美味しい料理ができるフライパンの温度は170℃~180℃とされていますが、薄いアルミ板にテフロン加工したフライパンは、火に掛けると1分もしないうちに200℃を超え、すぐに300℃以上になります。
また温度が高すぎるからと、火を止めてしまうと一気に温度が下がってしまうため、適温で料理をするのが大変に難しいといえます。
このように急激な加熱と冷却が繰り返していると、アルミとテフロンの膨張率の違いからコーティングが剥がれ落ち調理中の料理に混ざってしまいます。
いつの間にかテフロンが剥げ落ちて食材がひっつくようになるのはこのためで、知らないうちにPTFE(テフロン)や接着に使われているPFOS及びPFOAを食べてしまっているのです。
大きな牛でさえバタンキューと死んでしまうものを、少量といえども毎回の食事で、人が口にしていると考えると大変恐ろしいことです。
テフロンは工業製品には欠かせないものですが、なぜフライパンに使用するようになったのかは不明です。しかし、国内のスーパーやホームセンターで未だに堂々と販売しているのに疑問を感じます。
フライパンは鉄製、ステンレス製の2択
テフロン加工フライパンの危険性を理解できたところで、これに変わるフライパンの検討です。
【フライパンの検討で重視したこと】
- 化学物質でコーティングしてない製品
- 昔から調理器具として使われて続けて、健康上の問題が起きていないもの
- 長期間使用できる製品で、あまり高価でないもの
これらを重視して候補に挙げたフライパンは、鉄、ステンレス、アルミの3種類ですが、アルミは鉄やステンレスに比べ柔らかく、融点が600℃と非常に低いことから有害物質が溶け出しやすいと考え排除しました。

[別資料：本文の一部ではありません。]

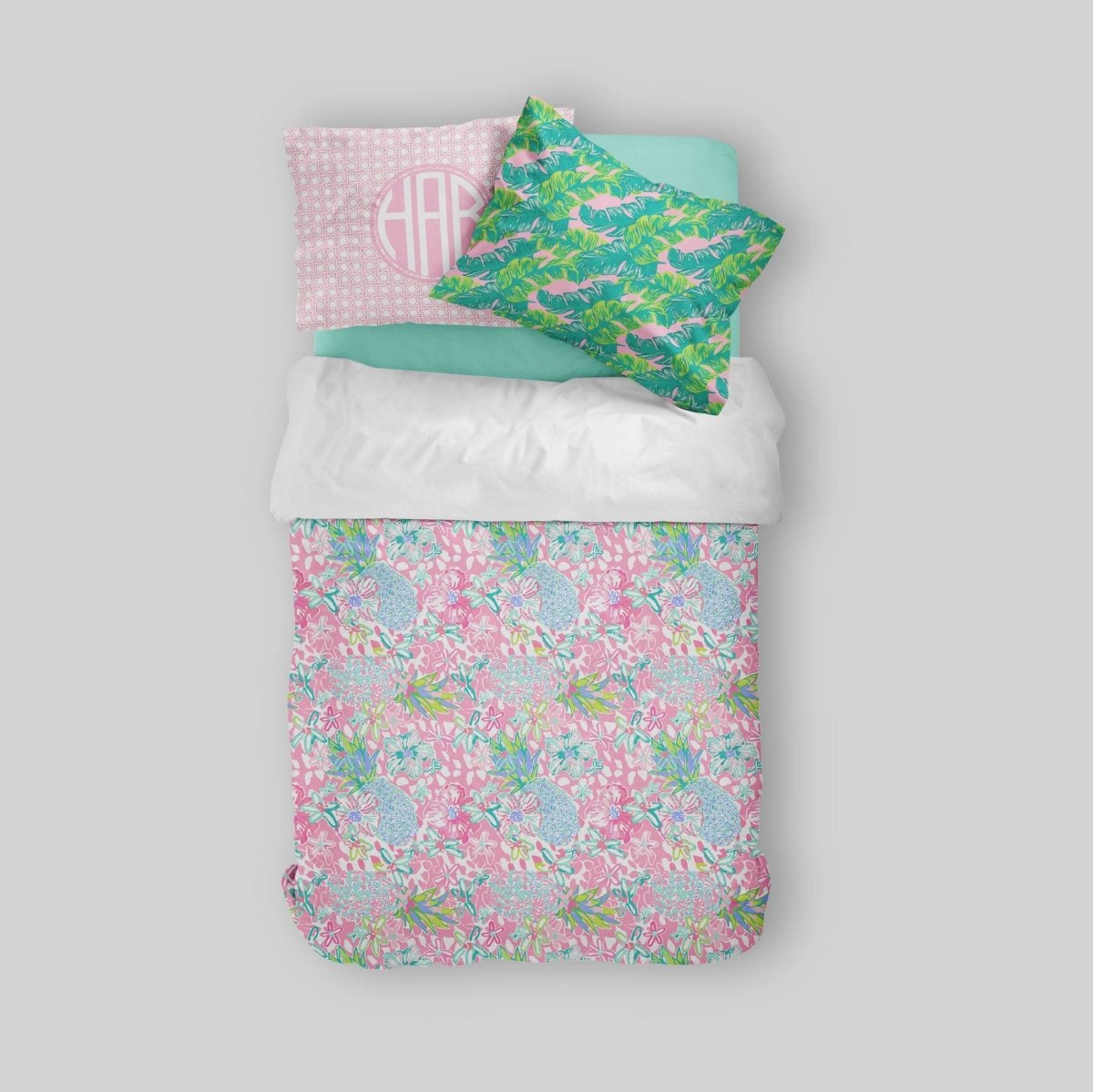 Preppy Summer Kids Bedding Set (Comforter or Duvet Cover) - gender_girl, Preppy Summer, text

現在、アルミフライパンは健康に害はないとされているようですが「怪しいものは排除する」という考えから、鉄フライパンとステンレスフライパンの2択で決定です。
鉄フライパンとステンレスフライパンは熱伝導率に大きな違いがなく、双方とも耐熱性、保温性に優れています。大きな違いは以下の通りです。
【鉄フライパンとステンレスフライパンの違い】
- 鉄フライパンは「油ならし」や「油返し」など、準備に手間がかかる
- 鉄フライパンは油が馴染むがステンレスフライパンは馴染まない
- ステンレスフライパンは調理後の料理をそのまま保存しても良いが、鉄フライパンは調理後の料理を長時間置いておくと酸化して鉄肌が侵されて穴が開くことがある(調理後は出来るだけ早く洗い流す方がよい)

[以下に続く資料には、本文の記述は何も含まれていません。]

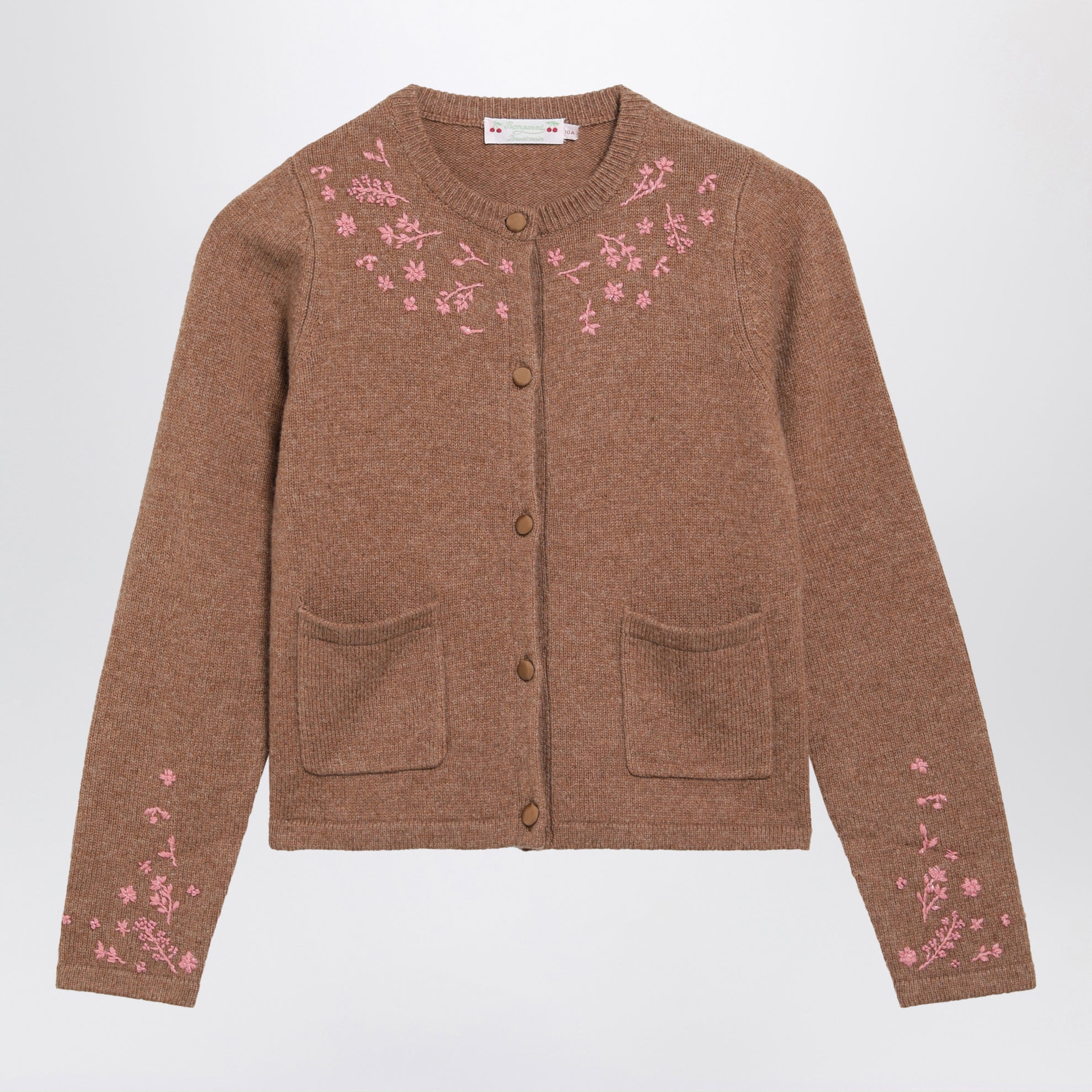 Beige wool-blend cardigan with floral embroidery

- ステンレスフライパンは金タワシや金属ヘラで削っても良いが、鉄フライパンは銅製のタワシまたは竹ササラを使用しないとリセットすることになる。(リセットとは、鉄板の脂分がなくなって初期の状態に戻るということで壊れて使い物にならないという意味ではない)
鉄フライパンの特長
鉄フライパンの特長は、耐熱性、保温性に優れていて油馴染みが良いのが特徴です。高温調理では食材の水分を逃がすことなく調理できるので、野菜炒めなどは彩り良くシャキシャキに仕上がります。また低めの温度にすることで厚みのある肉類の料理も余熱でシッカリと火を通すことができます。
【メリット】
- 温度変化、耐熱性、保温性に優れているため、焼きムラにならない
- 使えば使うほど味が出て、使いやすくなる
- 油馴染みがよいので強火調理をしても焦げ付きにくい
- 耐久性に優れ、一生使える
- IH調理器に対応している
【デメリット】
- アルミに比べて重たい
- 錆びやすい
- 手入れに手間がかかる
【向いている料理】
- 野菜グリル
- 厚みのある牛肉や鶏もも肉のステーキ
- 焼き餃子
- 焼きそば、焼きめし
- お好み焼き、薄い生地のネギ焼き
- 目玉焼き、オムレツ
- パスタやリゾット
ステンレスフライパンの特長
ステンレスフライパンの特長は、温度変化に強く耐熱温度が高く、保温性に優れているのが特徴です。そのため、厚めのステーキやお好み焼きなど、余熱でシッカリと火を通す料理に適しています。また、深さのあるプライパンだと少量の油で揚げ物が可能です。
【メリット】
- 温度変化、耐熱性、保温性に優れているため、焼きムラにならない
- 酸やアルカリに強く、調理した料理をそのまま保存できる
- 固くて錆びにくい金属なので、一生使える
- 焦げ付いてもゴシゴシと洗って汚れを落とせる
【デメリット】
- アルミに比べ重たい
- 油が馴染まないので焦げ付きやすい
- ステンレス素材のみで作られているフライパンはIH調理器に対応していない(多層構造でIH調理器に対応している製品がある)
【向いている料理】
- 厚みのある牛肉や鶏もも肉のステーキ
- お好み焼き
- 焼きいも
- 天ぷらやカツなどの揚げ物
まとめ
テフロン加工のフライパンは「体によくない」と何となく思っていましたが、調べてみて本当に危険だと再認識しました。
そして家族の健康を守り、障害のある子どもが生まれてこないようにするためにも、この真実を1人でも多くの人に知ってもらい、真剣に対策を考えてほしいと願っています。
スーパーの片隅に置かれているテフロン加工のフライパン、安い時なら1,000円以下で販売されているので、ついつい買ってしまうのは分かりますが、安価なフライパンは半年もすればコーティングが剥がれ使えなくなるので経済的にもよくありません。
少し面倒ですが、Amazonや楽天で検索すると、口コミとともに良い製品を見つけることができます。
お勧めは、化学物質でコーティングされていない鉄フライパンとステンレスフライパンです。そして、用途に合わせて大きさと素材の厚みを検討してください。
何度も書きますが、テフロンは危険です。家族の健康のためによく考えてい下さい。世の常ですが、国の検討委員会などは何の役にも立ちません、自分で真実を見極め自分で判断することで身を守ることができます。